Rest Stop on the Information Superhighway
Doesn’t the perpetually “just-around the corner” information superhighway strike you as being as lost in the distant future as the Santa Ana Freeway completion? I got so tired of waiting that I finally concluded that, if I lower my expectations sufficiently, the highway is already here.
The vaunted superhighway is supposed to use our telephone lines to bring us a broad array of interactive learning, entertainment and shopping experiences. My phone already has that. They call it telemarketing.
Like anyone smarter than a toaster oven, I used to really resent these intrusions on my privacy. When I’m in my little castle I want to settle down in front of the TV and watch commercials and movies with shameless product placements, not listen to sales pitches on the phone.
As far as I can tell, these people calling must have gills, because they never stop to breathe as you and I must:
“Good evening Mister Washburn how are you tonight the reason I’m calling is to let you and a select few number of persons in your community namely everyone except chinchillas know about a limited offer to subscribe to Putsch the Germanic humor magazine which if you subscribe now comes with a free musical beer stein and a portion of your subscription goes to help chilly cheerleaders into their sweaters can we count on your continued support?”
I’d typically respond: “Excuse me. Could you repeat all that? I had a tongue in my ear.”
Years ago I made a tape of my voice I’d play into the mouthpiece when these people called. I made it with anticipated pauses and responses to try to give the telemarketer the impression he or she was actually talking to someone.
As might be expected, there would be uncomfortable gaps, interruptions and non-sequiturial responses aplenty. It was appalling to hear just how much some people were willing to compensate to avoid realizing they were talking to a machine. It was still more appalling to sometimes hear my prerecorded voice inadvertently agree to buy whatever snake knives they were hawking.
These days, with the right attitude, I find it’s not a chore but a challenge to interact with my new telephone buddies. Some moments lately have made it worthwhile. For example, a Pacific Bell representative recently called to try to sell me on some of its extra services.
“I see you already have our Call Waiting feature,” she began, as if we’re supposed to be delighted that the phone company turns our records over to sales-commission commandos. “I’d like to mention some of the other services we offer such as blah blah and blah.”
“Uh-huh.”
“And are you aware of the advantages of our Call Screening feature?”
“Well I know that if I had it I wouldn’t be talking to you right now.”
In the sparring of telemarketing phone chess, that evidently counts as a checkmate, since the pitch halted there. These are the kinds of retorts I usually think of long after the fact, but I think this interactive stuff is honing my skills.
My favorite phone person to pester is a passing acquaintance, a guy who once sold me a guitar amp.
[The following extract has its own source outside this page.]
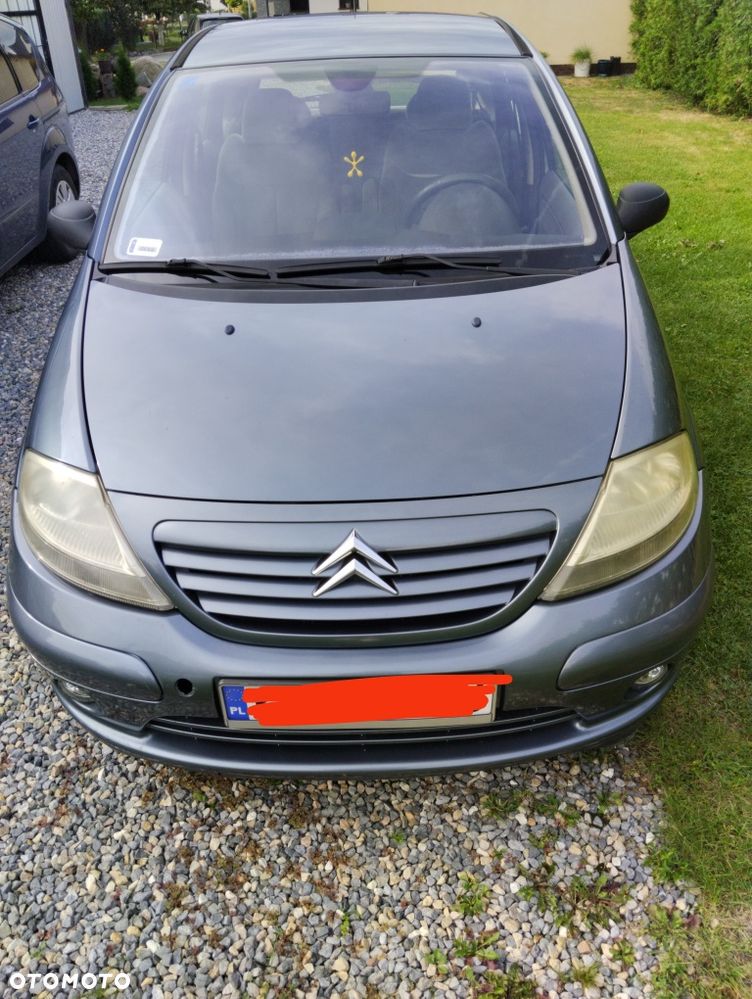 Citroën C3 - 4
That tenuous connection is evidently sufficient for him to accept me as a brother, since he keeps calling up with tremendous offers for me to get in on the verdant ground floor of various health elixir multilevel marketing schemes he’s involved in.
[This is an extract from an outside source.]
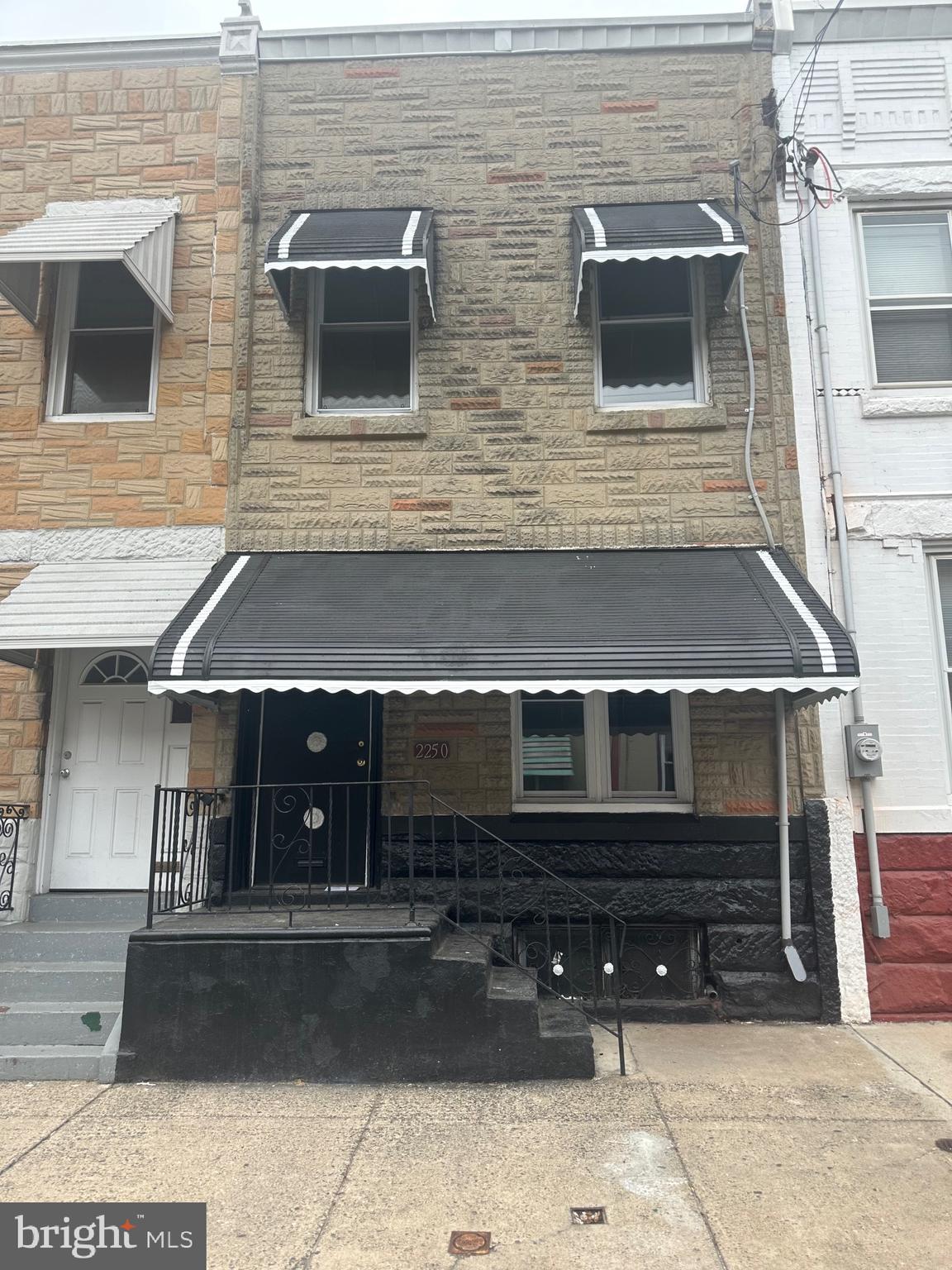- Residential Income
“Jim, this company is really doing it right, with high commissions and none of the underhanded stuff of the other multilevels.”
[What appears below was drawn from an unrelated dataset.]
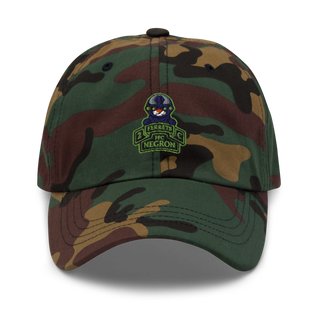 2-1 21461716 Classic Dad Hat | Yupoong 6245CM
“By other , you mean like the one you were so hot for me to buy into three months ago?”
“Well that one changed . This organization is . . . “ and he started reeling off percentages and nets. Finally he described the product: $89.95 bottles of a green powder made from plankton, wheat grass and probably old Otter Pops.
“Let me cite some case histories, Jim. A Mr. C.K. began taking Green Bluxphena, and after three weeks his lifelong asthma cleared up. Mrs. L.M. said Green Bluxphena made her arthritis disappear. Chronic fatigue sufferers report being reinvigorated by drinking it.”
“Boy, that’s great! Have they tried using it on dead people?”
The phone lines are but one of the many electronic avenues into our homes now, the latest being these new $800 satellite dishes the size of a hubcap that are supposed to carry hundreds of channels of entertainment.
Add that to the phone-linked superhighway, cable TV and whatnot, and you realize that soon we’ll have far more channels than there are things to put on them. Eventually, they’ll have to put TV cameras in everyone’s homes and we’ll just watch each other all the time.
If that happens, I’m determined to be prepared. I’m already having business cards made that read “Jim Washburn, Media Giant.” I also went and got myself a radio show, which I’m finding isn’t necessarily as much fun as starring in your own comic book, in case you’re ever faced with a choice between the two.
The show is on KUCI-FM 88.9 Wednesdays at 8 p.m., by the way. (A phrase, by the way, that I use here to give the impression I’m incidentally mentioning a little tidbit, which just happens to be the SHAMELESS PLUG that the rest of this column only exists to lead up to. Please listen or I’ll kill myself. With asparagus spears, by the way.)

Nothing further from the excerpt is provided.